If we want to think about big things then UPI is the beginning of a game-changing moment. Any suggestion that our election needs to get back to a manual setting – as Azimio appears to suggest - is a giant step backwards as long as we positively deal with the thieving ways that inform our electoral ICT and materials procurement. The most amusing part here is no one has counted the ballot papers, which were sequentially pre-numbered (and probably identifiable by individual).

In other words, there is clever forensic audit experience we have to know who voted for whom. Back to imagination. Methinks ICT (digital identity done properly) will emancipate us. But we also have to think about stuff on the ground. As written before, I like to think about my country Kenya from a “meta to nano” lens. Meta is the big things – we demand a national leadership that understands three concepts. Peace is the product of justice.  Justice is the balance between security and rights. Peace is the result of a balance between national prosperity (GDP etc) and human progress (HDI etc). That’s why Kenya needs “governance and rule of law” leadership.

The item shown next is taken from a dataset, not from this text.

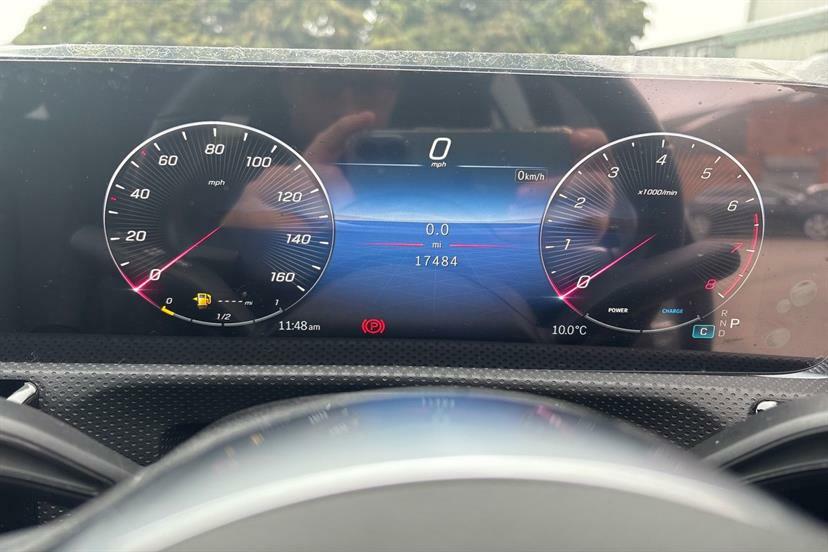 Mercedes-Benz A Class A200 Sport Executive FL68SUU Grey #6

If you don’t agree, let’s go to macro. Not our three economic prices – external shilling (exchange rate), internal shilling (cost of living) or interest rates (cost of money). We are now using the third to control a first that’s gone haywire, and the second as a haywire effect.  I have a different macro – our capitals. We have two capitals – hard and soft.  The hard is our economic (infrastructure), financial and natural (including land). The soft is our human (numbers), knowledge (and skills) and social (family to community).  Kenya’s existence is premised on the last one on this list. Not only is this not good enough, but it promotes our survivalism and existentialism. We are better.

Youth agenda

Which is why our meso and micro levels matter importantly. The meso idea might be that we plan around an important inequality we ignore, the intergenerational one. Not with official blather about youth agendas and the like, but a more considered view of lifetime experiences that addresses our constitutionally-defined children (0-18), youth (19-35) and elderly (over 65). And the rest of us.

In a country growing at a million people a year, it is absurd that we lack the sort of Japan-like strategy that figures out what our needs and wants might look like throughout our lifetimes. The needs and wants, of course, are defined at micro-level.

The best way to look at micro is families, or households. The quiet discourse I have encountered over time is the way to fix Kenya is to start at the family unit. To mix this up, I thought this means that every family (or household) in Kenya deserves five things. Food. Basic rights (from education to health to shelter).

Access to assets and income opportunities. Participatory governance (the ability to contribute publicly during and between elections). And safety and security in public places and private spaces.

That’s what every one of our 12-13 million families and households needs and wants.  Period. Nobody wants a nano-level that is individualised into cost of living and other beefs and complaints.

The imagination does not stop there, but this is a basic framing. I will be harsh and state that I can’t see this imagination on either side of our political divide. But I will be positive to return to my beginning. Ruto and Raila are our premier politicians today. I want them to fix our Kenya.